== EXERCISE MATERIALS ==

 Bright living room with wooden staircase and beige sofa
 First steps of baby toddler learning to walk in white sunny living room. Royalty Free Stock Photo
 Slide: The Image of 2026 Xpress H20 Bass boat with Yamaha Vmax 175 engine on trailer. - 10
...
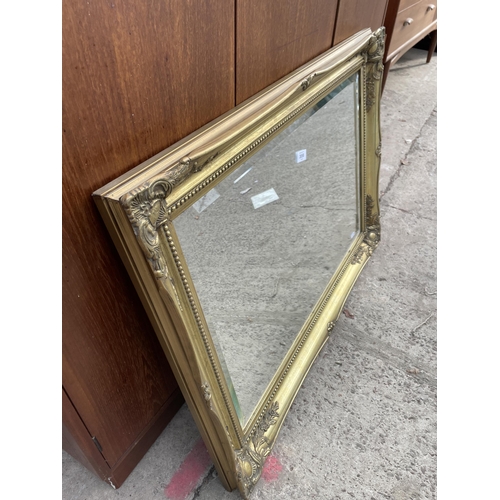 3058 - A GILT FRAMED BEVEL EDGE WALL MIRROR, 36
...
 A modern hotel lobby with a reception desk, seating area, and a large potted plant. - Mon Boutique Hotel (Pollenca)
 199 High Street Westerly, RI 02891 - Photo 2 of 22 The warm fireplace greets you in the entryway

== EXERCISE REQUIREMENTS ==
For this task, write out exactly the lines of the entries above, starting at the line with "Bright living room" and ending at the line with "Slide: The Image", both included, and no others.

== RESULT ==
 Bright living room with wooden staircase and beige sofa
 First steps of baby toddler learning to walk in white sunny living room. Royalty Free Stock Photo
 Slide: The Image of 2026 Xpress H20 Bass boat with Yamaha Vmax 175 engine on trailer. - 10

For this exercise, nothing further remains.